EXERCISE DIRECTIONS: Pictures do not belong in the copy; restate the records below word for word.
======== INPUT DATA ========
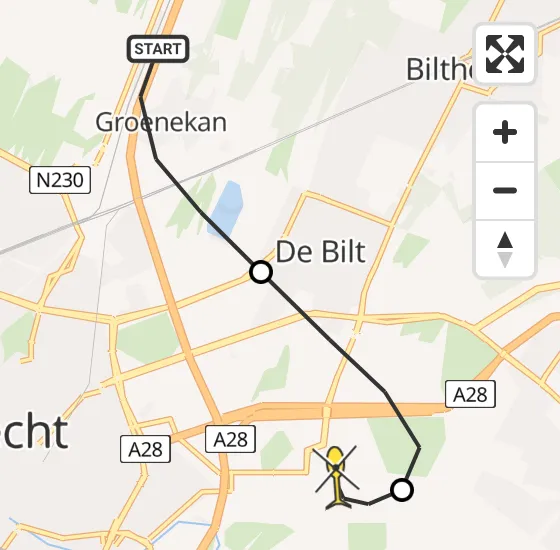 Vlucht Traumahelikopter PH-LLN van Groenekan naar Universitair Medisch Centrum Utrecht op donderdag 19 december 2024 19:41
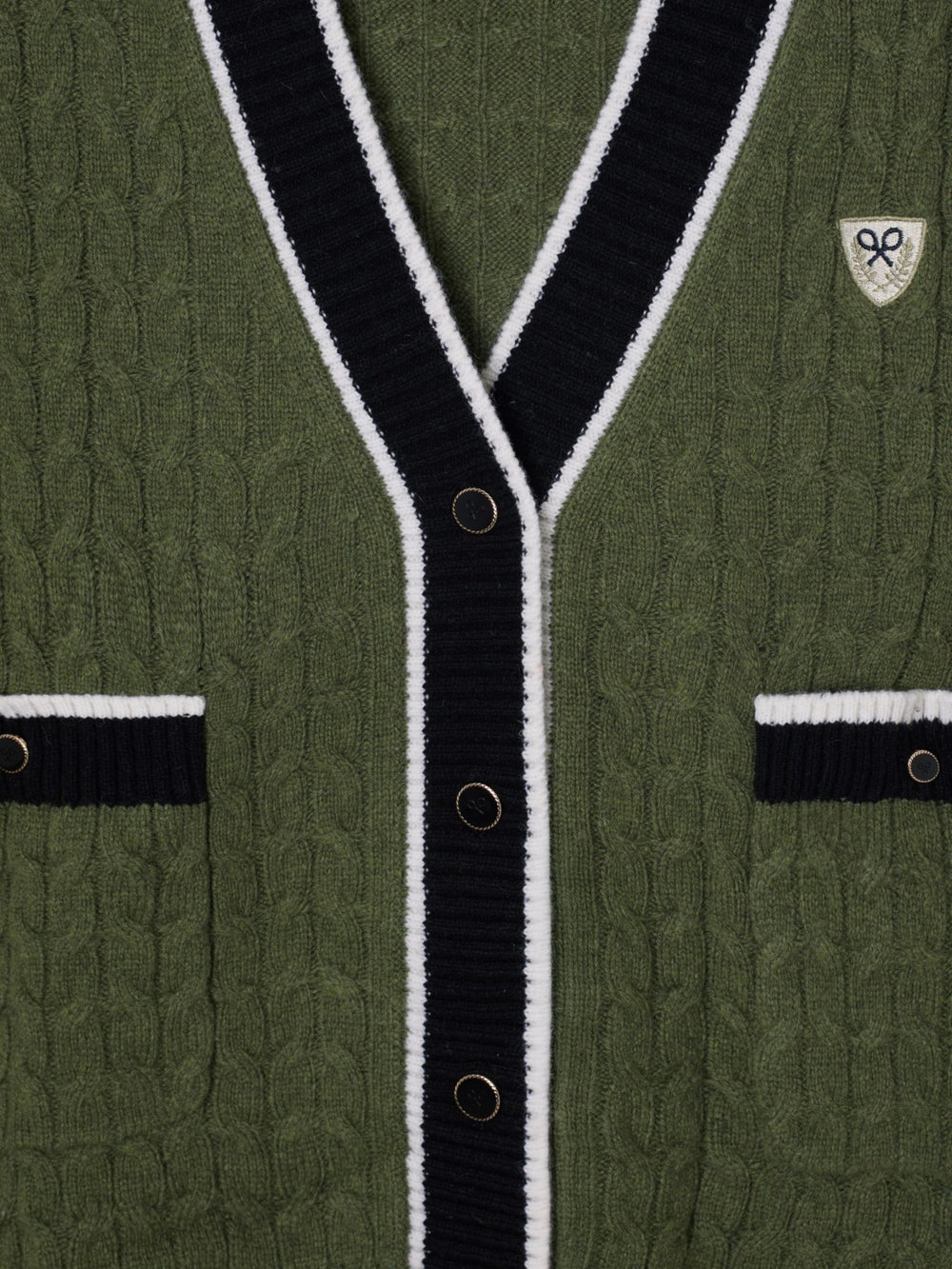 Cardigan college escudo verde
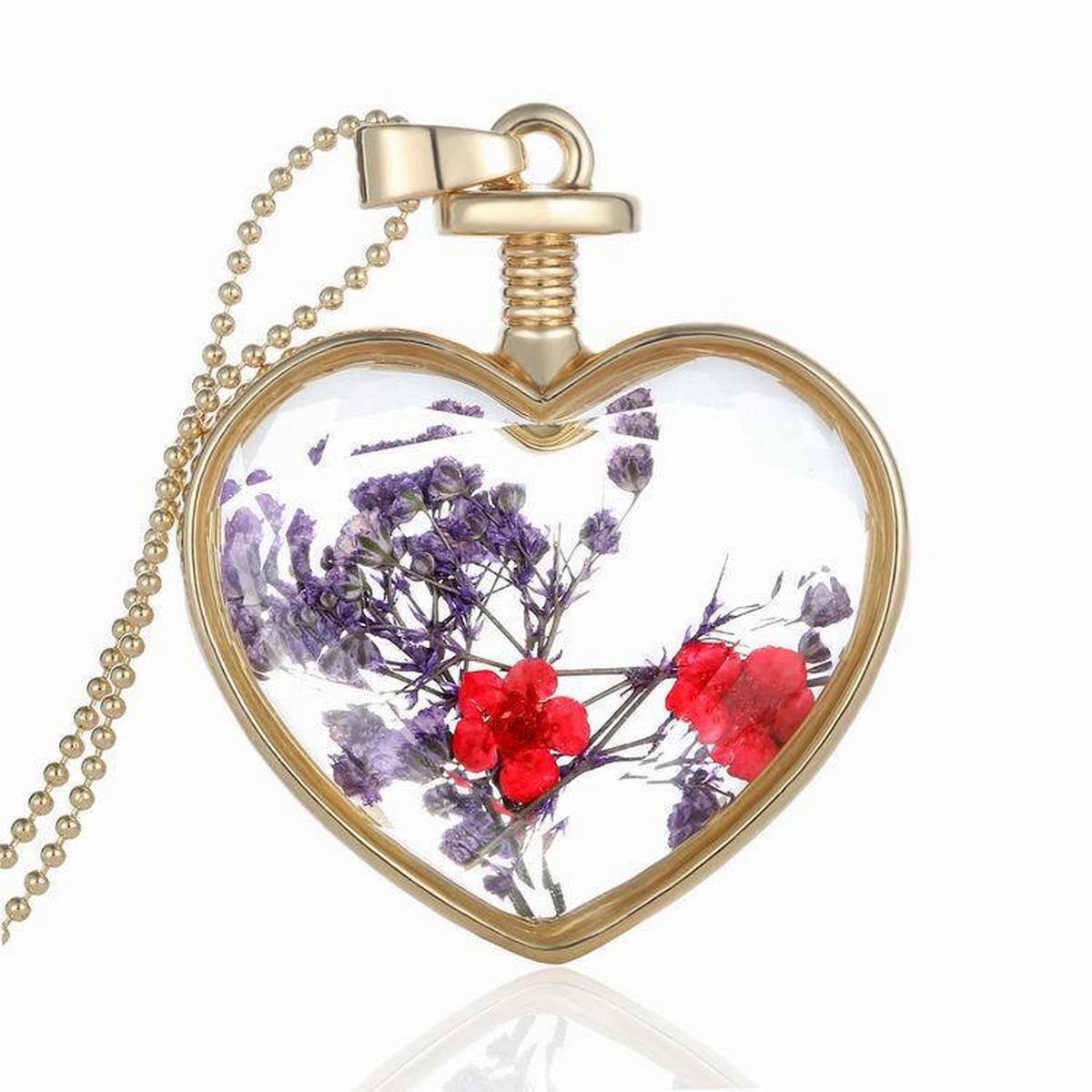 HEART CRYSTAL PLANT DRIED FLOWER NECKLACE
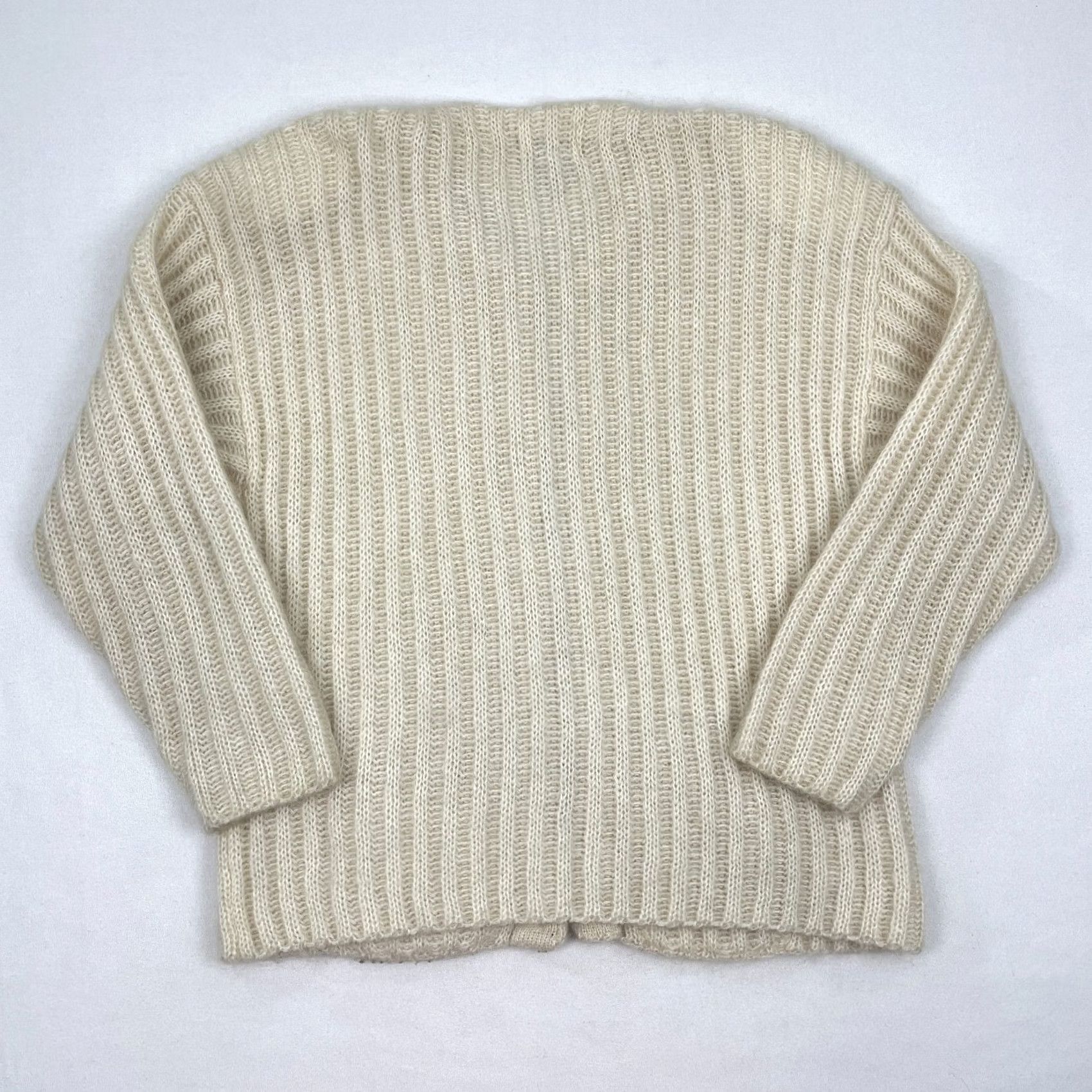 Express VINTAGE Express Cardigan Women S Ivory Mohair Knit Ribbed Casual Luxe Sweater Size S / US 4 / IT 40 - 6 Thumbnail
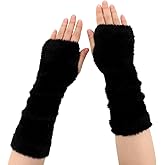 JJUNW 1 Pc Fur Arm Warmers, Black Fingerless Gloves Women, Long Hairy Gloves for The Wrist for Arm Warmth, Fingerless Gloves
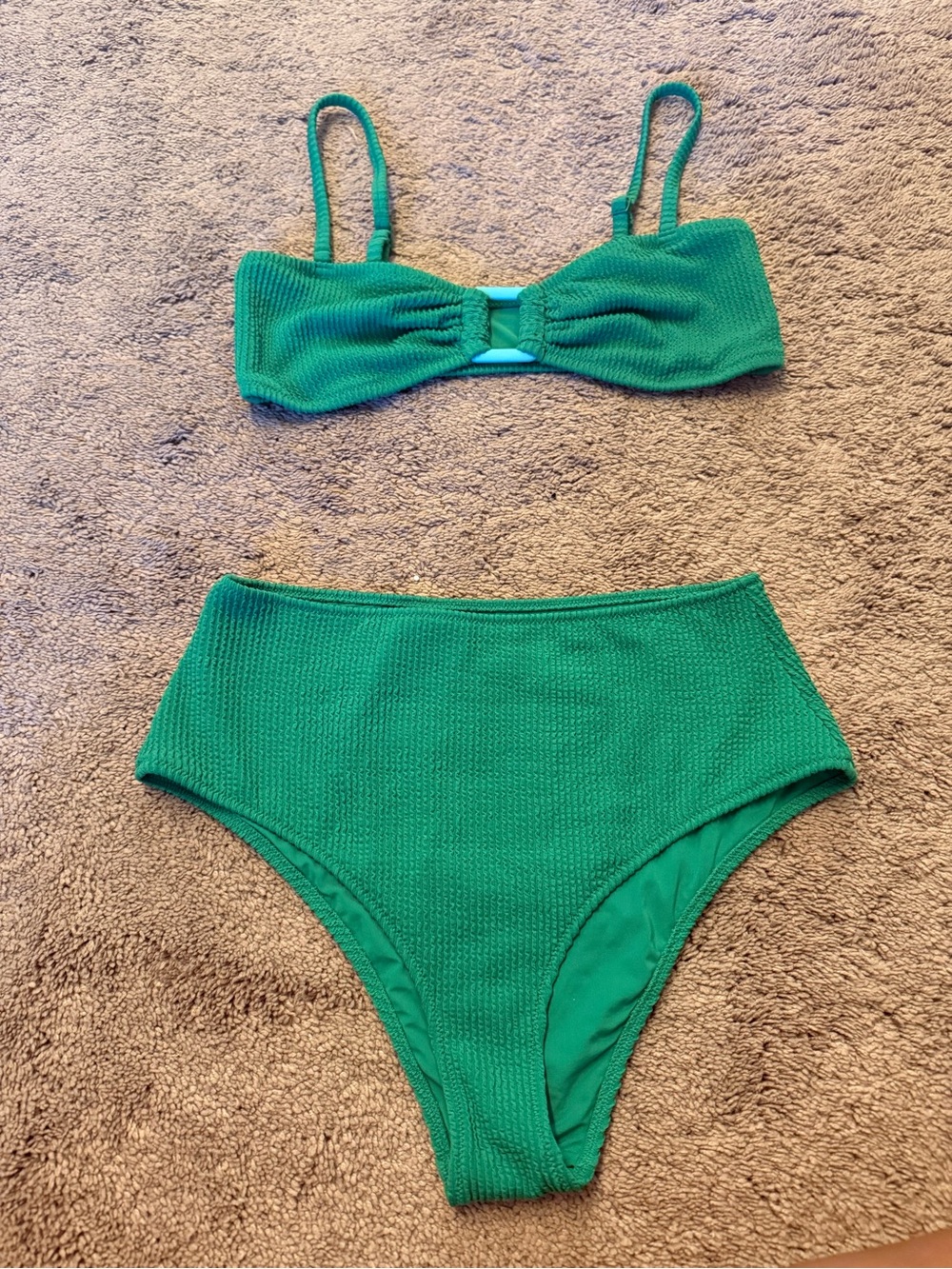 aerie Green Textured High-Waist Bikini Set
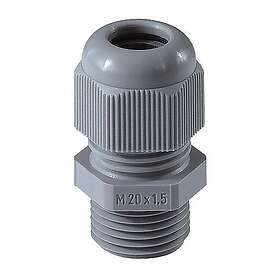 Rutab 1476164 Förskruvning lång gänga, mörkgrå M25 x 11-17 mm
========
RESPONSE BELOW:
 Vlucht Traumahelikopter PH-LLN van Groenekan naar Universitair Medisch Centrum Utrecht op donderdag 19 december 2024 19:41
 Cardigan college escudo verde
 HEART CRYSTAL PLANT DRIED FLOWER NECKLACE
 Express VINTAGE Express Cardigan Women S Ivory Mohair Knit Ribbed Casual Luxe Sweater Size S / US 4 / IT 40 - 6 Thumbnail
 JJUNW 1 Pc Fur Arm Warmers, Black Fingerless Gloves Women, Long Hairy Gloves for The Wrist for Arm Warmth, Fingerless Gloves
 aerie Green Textured High-Waist Bikini Set
 Rutab 1476164 Förskruvning lång gänga, mörkgrå M25 x 11-17 mm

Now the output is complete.